The man-king they met, Herod the Great, both helped them and commanded them to send word when they had reached the child. I wonder if they noticed the twinge of fear in Herod’s tone. I wonder how they felt as they continued toward Bethlehem. Were they afraid, excited, unsure?
I’d come to Holden Village for several reasons. On sabbatical from my work as an editor of Living Lutheran, I’d been accepted into Holden’s Partners in Ministry program for spiritual retreat. The trip west offered space away from my preschooler, husband and housework to focus on a book proposal. I planned to write for myself and offer the villagers a writing workshop. I planned to worship. I planned to hike.
I hadn’t planned on sharing my faith struggles with anyone in the village. Ministry professionals aren’t supposed to have doubts. (I did—doubts and questions and not a lot of answers.)

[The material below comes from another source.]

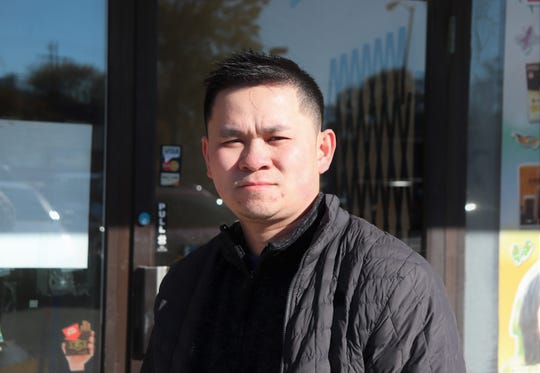 Duc Nguyen, owner of Bambu, hopes to have his coffee, tea and smoothie business open by mid-November at 10708 Oklahoma Ave. in West Allis.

Because I was a stranger, I hadn’t planned on sharing my heart. I was so nervous my first night there that I skipped dinner, avoiding any risk of connecting with the villagers.
Cracking open the familiar cranberry hymnal at evening worship, I felt something open inside me, a warmth. Maybe a hint of belonging. I sang familiar hymns that night, first softly, then a little more boldly. Then Pastor Melinda spoke about life and death and Jesus, quoting one of my favorite authors, Anne Lamott: “You will lose someone you can’t live without, and your heart will be badly broken, and the bad news is that you never completely get over the loss of your beloved. But this is also the good news.”
I’d almost lost someone I couldn’t live without, but he’d healed. Now someone else I loved was sick. And my heart was still broken. I looked around the room at the community gathered, saw the tears in their eyes. I knew I wasn’t alone.
We know how the magi felt when they reached the Christ child, because the Bible tells us: “When they saw that the star had stopped, they were overwhelmed with joy” (Matthew 2:10). In Bethlehem they kneeled before Jesus, offering him treasures.
For our church, the Epiphany story reveals Jesus as the savior of all nations. Love, forgiveness and hope for everyone comes from a vulnerable child who is Christ incarnate.
But the story isn’t over. A dream warns the magi to ignore Herod’s orders. They take a different, arguably more dangerous, route home, hearts changed forever.
On my second day in the village, I attended community breakfast, lunch and dinner. I listened to, learned from and shared stories with others, and my life is richer for it. I was learning that brokenness often occurs in solitude but community changes everything.
That evening, while walking alongside one of my new companions, I looked up and gasped.
Gleaming bursts of brightness glittered the night sky.
I saw the stars and knew I wasn’t alone. Emmanuel—God with us.